4.2.8 Removing Configurations

When you remove a configuration file from the Configuration Files page, changes made to the cluster configuration using this file are removed.

The following are the possible outcomes:

  • Configuration files, which come with the product installation, are reverted to their original version. Examples of such files are tomcat.conf, server.xml, and so forth.

  • Other configuration files are removed from all servers. For example, removing configurations from a custom authentication file will delete this file from all servers.

Perform the following steps to remove configurations:

  1. In Administration Console Dashboard, click Advanced File Configurator.

  2. Select the device-specific tab based on your requirement. For example, if you want to delete an Access Gateway file, select the Access Gateway tab.

  3. Select the file that you want to delete. You can delete multiple files simultaneously.

  4. Click the Remove Configurations icon ().

  5. Click OK.

    The server restart is required for completing the delete process for some files. When prompted, update the server.

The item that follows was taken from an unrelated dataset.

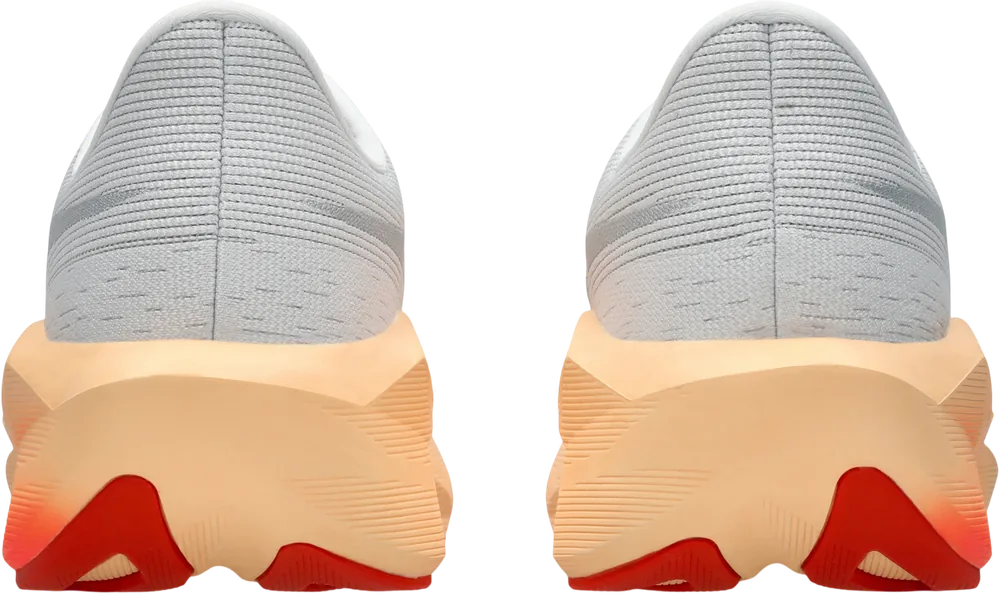 ASICS Novablast 6 White / Vivid Coral femme, vue arrière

4.2.9 Post-Upgrade Considerations

Post-upgrade, the file status might display Configuration sent successfully. However, all customized configurations might not be available on the virtual machine. To ensure that all customizations are available, perform the following steps:

  1. Edit each file or folder added in the Advanced File Configuration table. For more information, see Modifying Configurations.

  2. Compare each file or folder with the file or folder available on the server by using File Editor. If required, update customizations in File Editor and save the changes. For more information, see Comparing and Modifying Files and Folders in File Editor.

  3. Click the Send Configurations to Servers icon for all the files and folders added in the Advanced File Configuration table. For more information, see Applying Configurations to Devices.

  4. Verify if customized configurations are sent to the device by comparing the files using File Editor.